I have a triangle where two points have the same Z-Value and one has a different Value. Now I want to transform the point with the different Z-Value, so that it optically generates a "vertical" Triangle. Assuming point C is the one with the different height-Value, I somehow need to move the X and Y Coordinates of point C orthogonal to the Difference-Vector of A and B, until they vertically line up, eg the slope is exactly 90 degrees. But unfortunately, I am a complete idiot concerning rotations and stuff.
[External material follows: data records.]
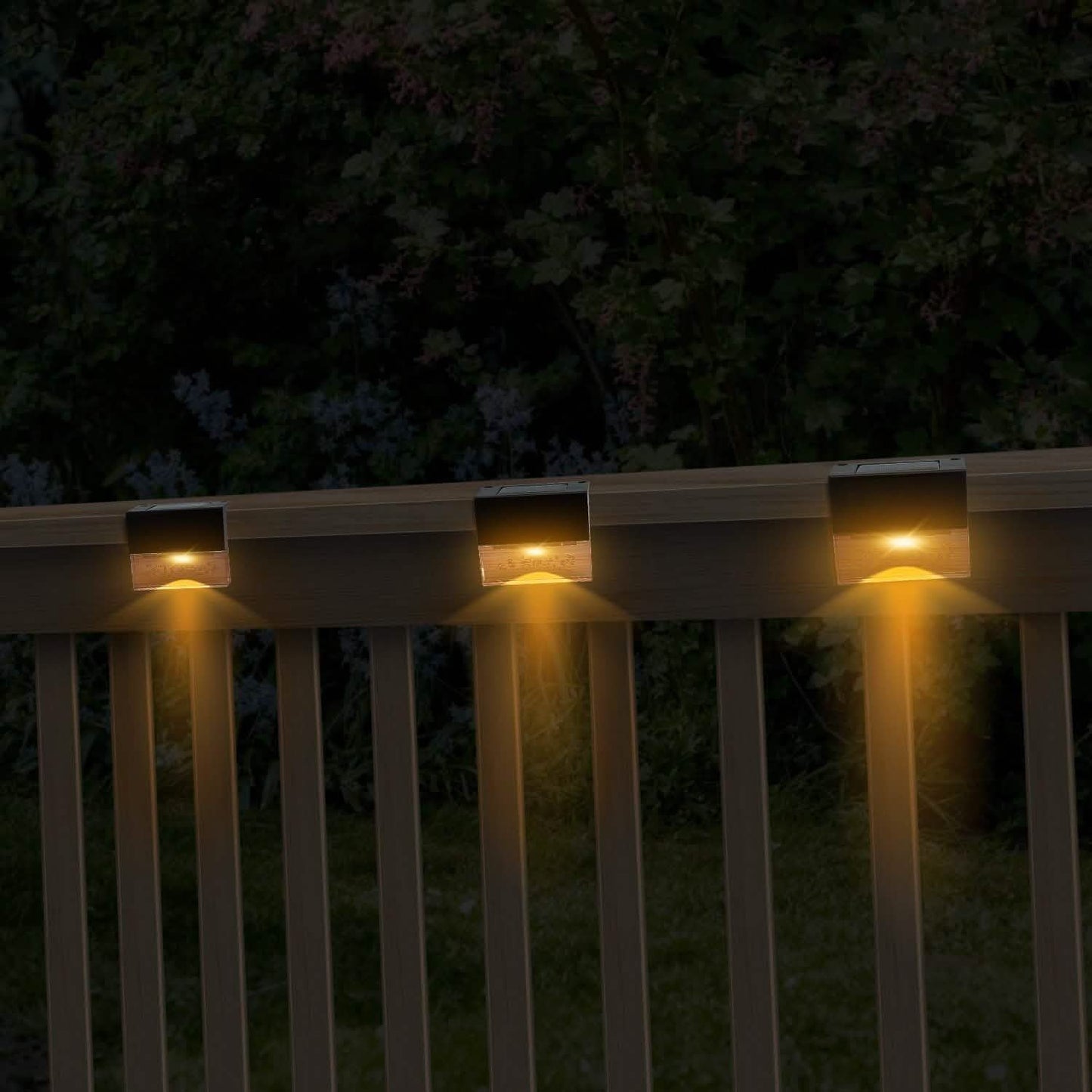 6-Piece: Solar Powered Acrylic Bubbles Decorative Deck Lights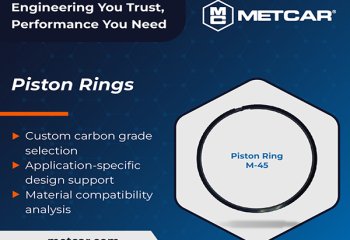 Metcar Carbon Graphite Piston Rings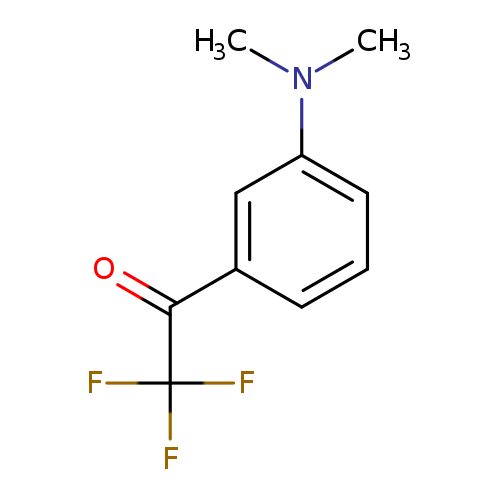 O=C(C(F)(F)F)c1cccc(c1)N(C)C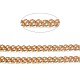 Cadena de bordillo de latón dorado esmaltado CHC-H103-07I-G-2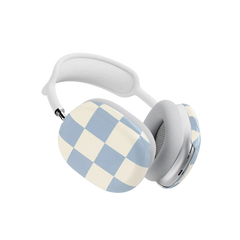 Fit Check | Light Blue Checkerboard AirPods Max Case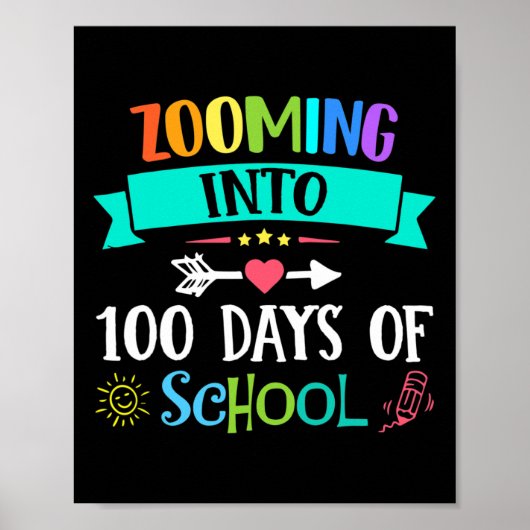 In 100 dagen van de leerkracht Kinder gift Poster (Voorkant)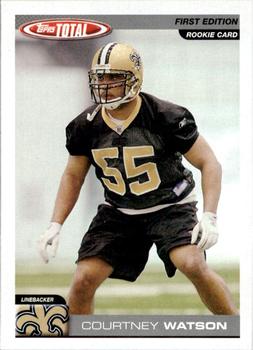 2004 Topps Total - First Edition #387 Courtney Watson Front
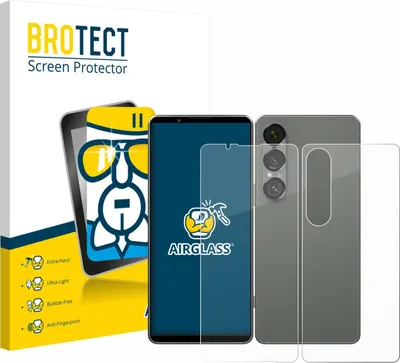 Produktbild von BROTECT Schutzglas für Sony Xperia 1 VII (Display+Rückseite) Schutzfolie Panzer Folie Glas Display Schutz klar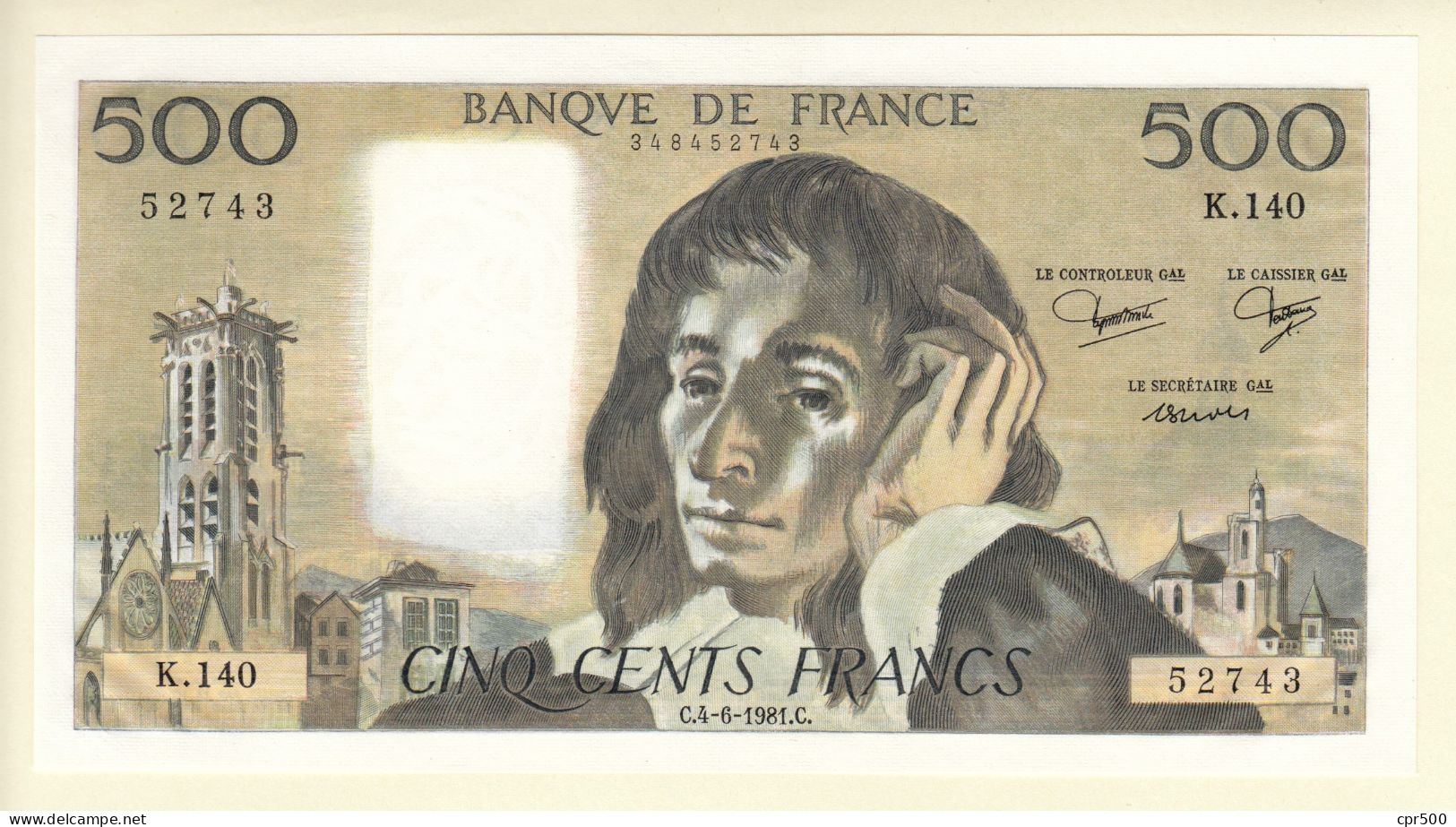 500 Francs PASCAL FRANCE Type 1968 F.71.24 Pr.NEUF - 500 F 1968-1993 ''Pascal''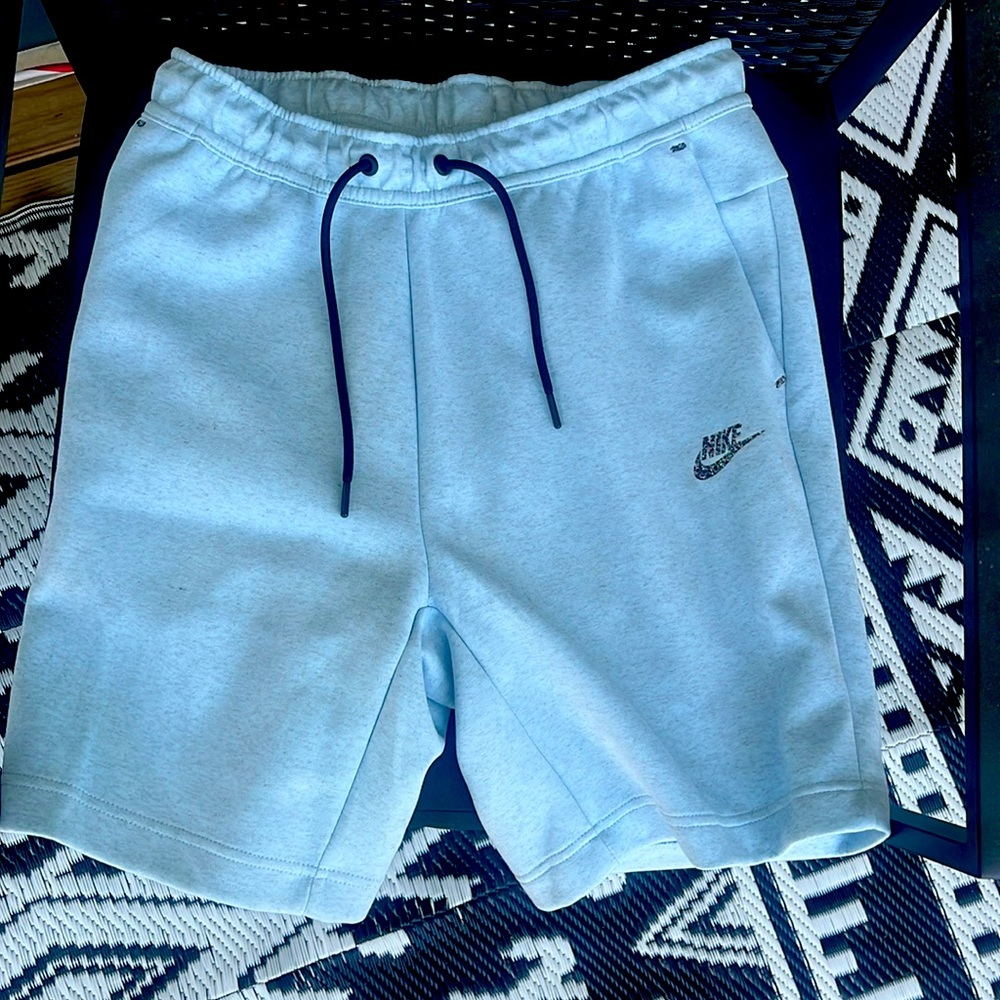 Light blue Nike sweat shorts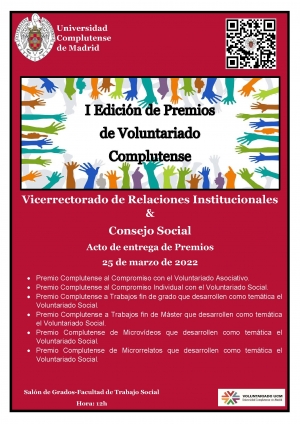 cartel-entrega de los i premios de voluntariado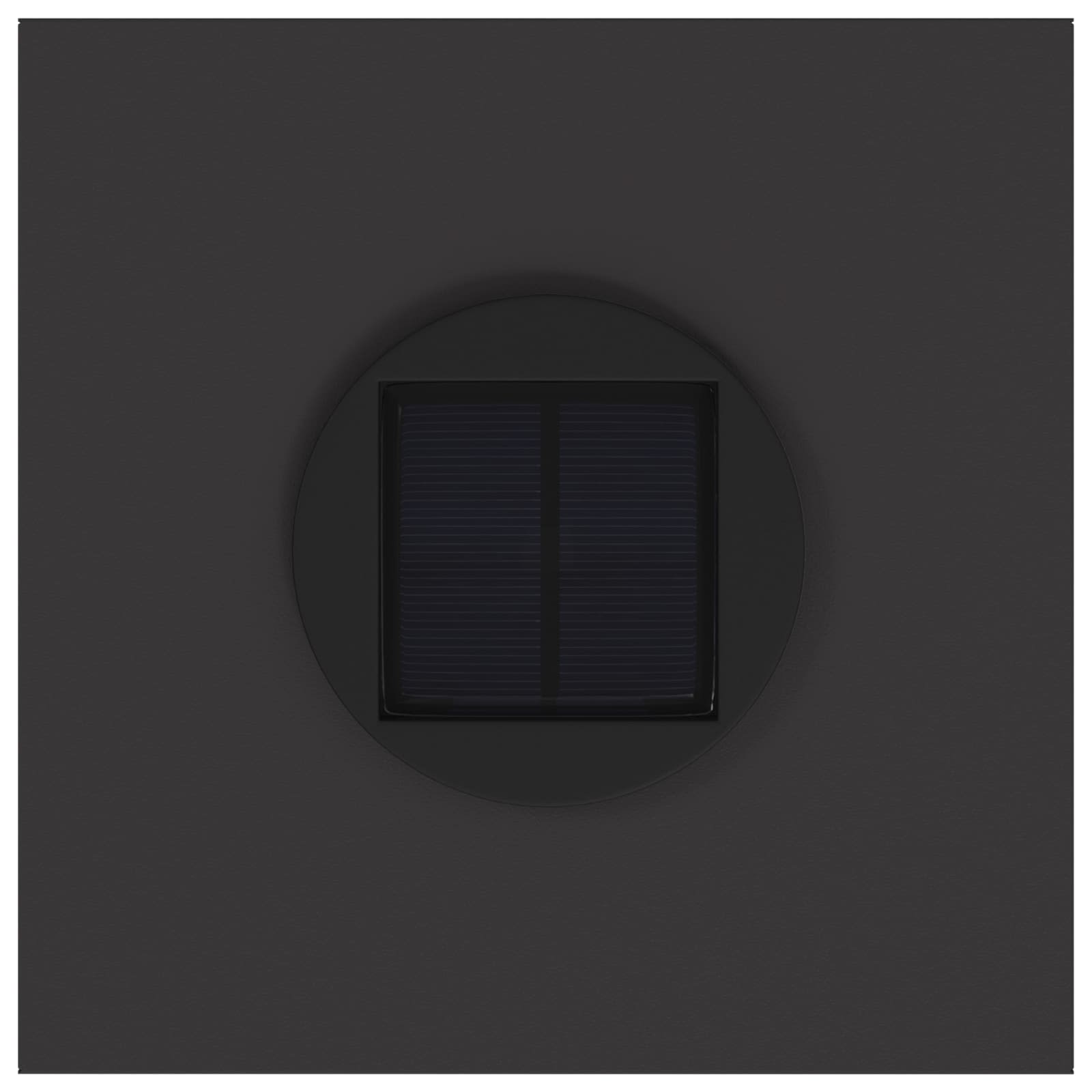 Lucina LED Solare da Percorso 2 pcs Nero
Could you give me any hints how to solve that?

The code I need it for is written in C++, but a simple pseudo-code would be enough :)

But preferably a rather quick way, because it has to be called up to 700000 times per player, per chunk load

Answer 1

Let's say you have points ABC, and Az == Bz, and z represents the vertical direction.

First, project the x,y co-ordinates of C onto the line between A and B in 2D:

// find normalized AB vector:
AB.x = B.x - A.x;
AB.y = B.y - A.y;
length = sqrt(AB.x * AB.x + AB.y * AB.y);
// test for length == 0 to avoid div by zero
AB.x /= length;
AB.y /= length; // note: you could save a division by dividing dot by length instead

// project C onto AB:
AC.x = C.x - A.x;
AC.y = C.y - A.y;
// this gives us how far along the line AB the projected point is:
dot = (AC.x * AB.x) * (AC.y * AB.y);
newC.x = A.x + (AB.x * dot);
newC.y = A.y + (AB.y * dot);
newC.z = A.z; // same as B.z

Next find the 3D distance between the projected point and C, which will be the vertical height above the AB line of the new point, if the triangle were rotated into a vertical position using AB as a hinge:

newCC.x = C.x - newC.x;
newCC.y = C.y - newC.y;
newCC.z = C.z - newC.z;
height = sqrt((newCC.x * newCC.x) + (newCC.y * newCC.y) + (newCC.z * newCC.z));

Set the z value:

newC.z += height;